Не думаю, Том, что Письмо к Вам дойдет. Но проверим в этом смысле Украину.
Ваша Алла Демидова.P.S. Возим всюду «Квартет» и «Медею». В марте буду с «Медеей» в Салониках в Греции – оттуда напишу поподробнее. А в апреле около месяца буду в Париже.
Ремарка
Когда меня позвал Грамматиков сниматься в фильме «Маленькая принцесса», я согласилась не из-за роли, потому что она абсолютно не моя (это роль для молодой Раневской, как она играла в «Золушке» – с перепадами голоса, острой характерностью).
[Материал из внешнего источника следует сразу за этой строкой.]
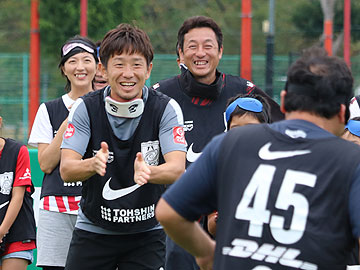 『ブラインドサッカー体験会2017』にトップチーム8選手が参加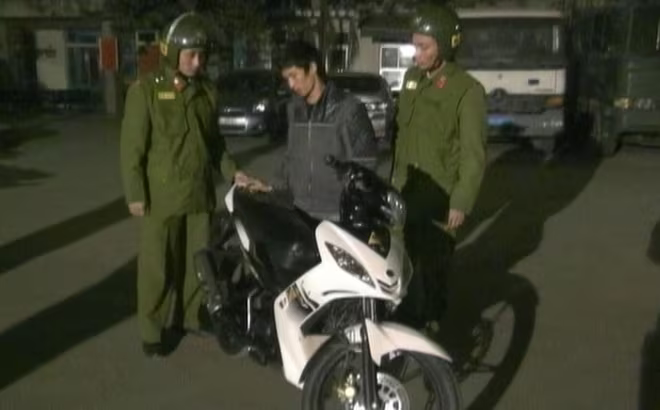 Lực lượng CS113 bắt giữ đối tượng cùng tang vật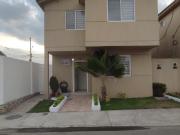 Oportunidad ! Vendo Casa Esquinera en Urb. Villa Bonita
Но я взяла своего пекинеса Микки, думая, что он за меня все сыграет (так и получилось), и согласилась, потому что снимали в Ялте, а зимнюю Ялту я помнила только по съемкам в фильме «Ты и я», и мне хотелось побывать там еще раз.
И вот мы поехали с Микки поездом. Микки, который очень любит гулять, который от одного слова «гулять» впадает в раж, тут, даже если останавливались на полчаса, через три секунды, сделав быстро свои дела, мчался в купе. Он боялся, что поезд уедет без него.
Нас поселили в «Ореанду», перестроенную для богатых туристов.
В старый Новый год приехали «новые русские» в своих неизменных малиновых пиджаках и с детьми. Дети были одеты как дети 19 века: в лаковых туфельках, в кружевных платьицах, мальчики – в бархатных курточках. Но они все равно выглядели ряжеными, хоть и дети. А «мои» – с которыми я снималась – в этих платьях выглядели абсолютно естественно.